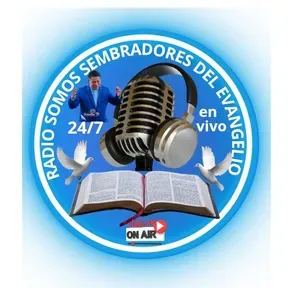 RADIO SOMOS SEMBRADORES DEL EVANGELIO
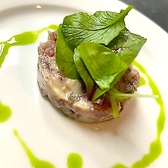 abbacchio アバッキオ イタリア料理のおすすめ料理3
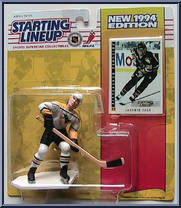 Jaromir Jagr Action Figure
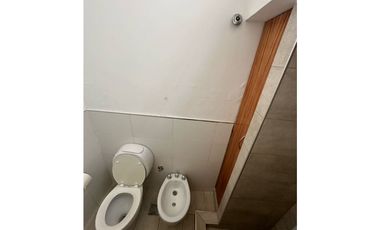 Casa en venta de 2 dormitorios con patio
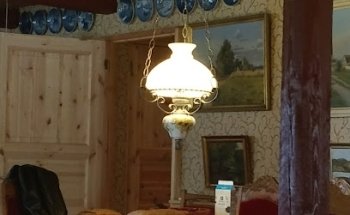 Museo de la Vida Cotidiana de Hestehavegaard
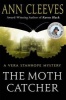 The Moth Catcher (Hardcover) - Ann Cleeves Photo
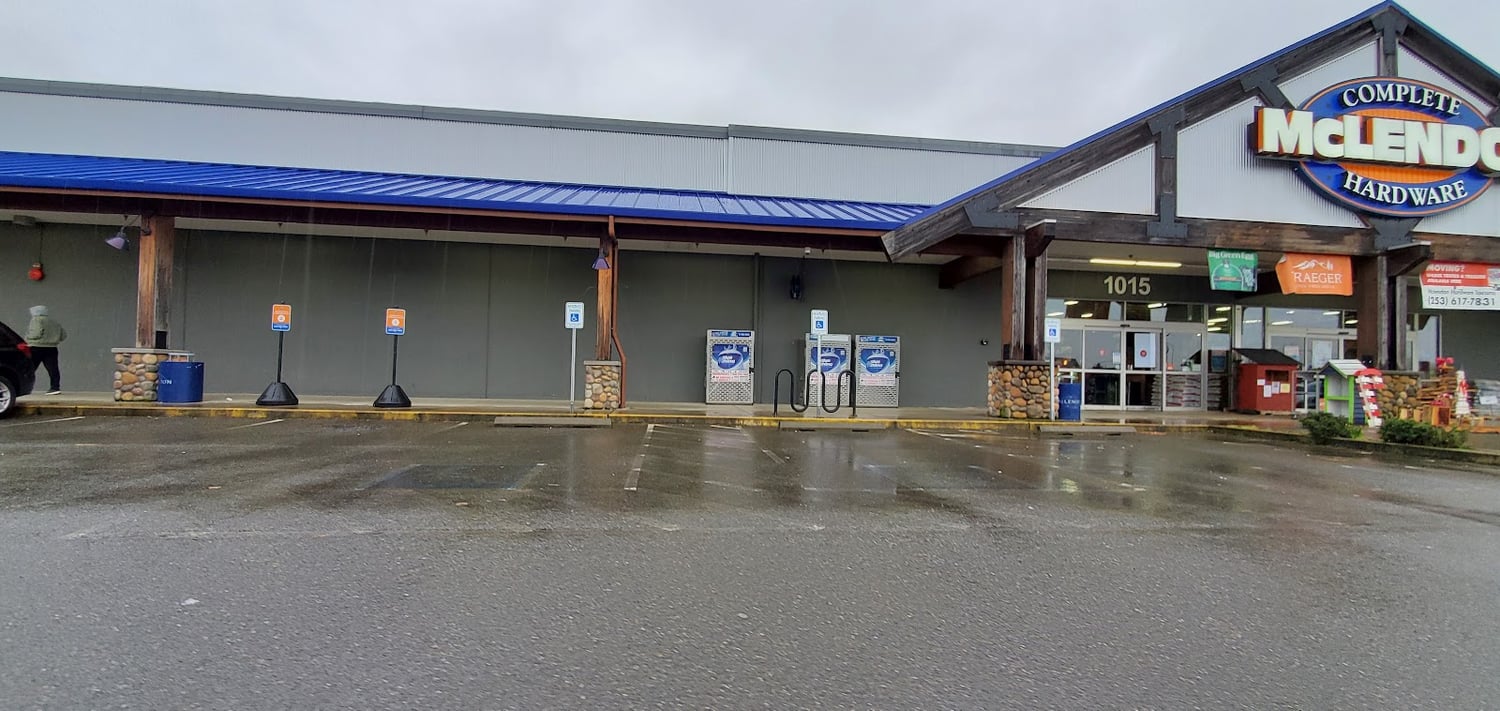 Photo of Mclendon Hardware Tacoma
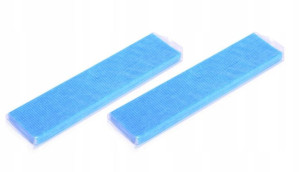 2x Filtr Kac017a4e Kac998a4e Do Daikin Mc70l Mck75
##############################
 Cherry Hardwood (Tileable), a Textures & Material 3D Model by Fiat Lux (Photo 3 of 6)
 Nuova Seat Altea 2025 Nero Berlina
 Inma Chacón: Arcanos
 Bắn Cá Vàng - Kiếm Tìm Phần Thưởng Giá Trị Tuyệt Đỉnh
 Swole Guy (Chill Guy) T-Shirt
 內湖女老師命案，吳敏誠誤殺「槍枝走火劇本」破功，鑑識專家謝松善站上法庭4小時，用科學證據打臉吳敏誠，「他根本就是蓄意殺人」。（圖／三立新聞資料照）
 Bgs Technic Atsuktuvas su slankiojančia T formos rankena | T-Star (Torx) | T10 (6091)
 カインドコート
##############################
Exercise:
What lines above run from the one with "RADIO SOMOS SEMBRADORES DEL EVANGELIO" to the one with "2x Filtr Kac017a4e"? Give them again exactly, ends included, and leave the pictures out.

Output for this task:
 RADIO SOMOS SEMBRADORES DEL EVANGELIO
 abbacchio アバッキオ イタリア料理のおすすめ料理3
 Jaromir Jagr Action Figure
 Casa en venta de 2 dormitorios con patio
 Museo de la Vida Cotidiana de Hestehavegaard
 The Moth Catcher (Hardcover) - Ann Cleeves Photo
 Photo of Mclendon Hardware Tacoma
 2x Filtr Kac017a4e Kac998a4e Do Daikin Mc70l Mck75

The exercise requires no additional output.